The Phillies know what it's like to play second fiddle in your own hometown. For the first half of the twentieth century, the Phillies shared Philadelphia with Connie Mack's Athletics franchise. Although once considered the young upstart (the Athletics began play in 1901), the A's quickly became the toast of Philadelphia, winning six of the first 14 American League pennants and three World Series.
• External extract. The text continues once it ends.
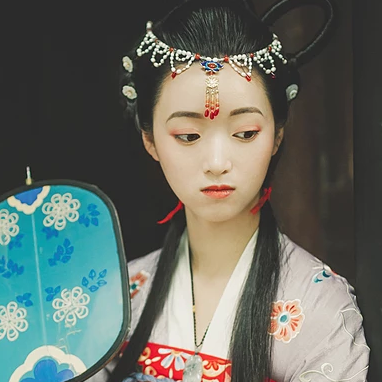 秋庭帶團扇女生頭像，唯美古風真人頭像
The A's, particularly during the glory years, always seemed to have star power, with ace pitchers Eddie Plank, Rube Waddell, and Chief Bender, while the Phillies, with a few exceptions here and there, were largely composed of cast-offs and wannabes.
And then, of course, there were the legendary A's teams of 1929-1931, which collected three consecutive world championships . . .and did so during the height of the New York Yankees' rise to prominence. Those A's teams are routinely mentioned when old salts try to answer the eternally vexing question of which team was the best of all time. As for the Phillies, during that three-year span of A's excellence, they managed to lose 282 games, lowlighted by 1930's last-place ball club that lost 102 games.
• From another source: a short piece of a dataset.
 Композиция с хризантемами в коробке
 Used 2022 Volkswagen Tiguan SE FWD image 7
As with so many things in history, the turning point for the Phillies had less to do with the Phillies franchise itself and more to do with outside factors, in this case the temperament of Connie Mack, the owner and field manager of the cross-town Athletics. After winning his third consecutive World Series in 1931, Mack grew tired of escalating salaries and egos and put nearly his entire team on the chopping block. Legendary pitcher Lefty Grove -- perhaps the greatest left-handed pitcher ever -- was sent packing to the Boston Red Sox, along with fellow pitcher Rube Walberg. And over time, Mack continued to dismantle his championship team, a team that was loaded with future Hall of Famers. What followed was arguably the longest stretch of excrementally bad baseball ever witnessed from one franchise. From 1935 to 1954, the Athletics finished in last place 11 times and finished in next to last place an additional three times. The A's lost 100-plus games in six of those seasons and finished no closer to first place than 12½ games. In most seasons during this span, the A's were history before Memorial Day.
Amid such losing, even the Phillies looked competent, and by the end of this period, the Phillies actually were competent. In 1950, the "Whiz Kids" captured the Phillies' first pennant since 1915, and Philadelphians, tired of Connie Mack's parsimony and almost masochistic desire to field last-place clubs, began switching allegiances to the once-neglected Phillies. The result: the A's were sold and eventually moved, first to Kansas City, and then to Oakland.
Yes, the Phillies have lost 10,000 games, but in the course of doing so have displayed an almost cockroach-like resiliency, and like the cockroach, the Phillies are hard to love, but they should garner a little grudging respect. You do indeed have to be good, on some level, to lose 10,000 games.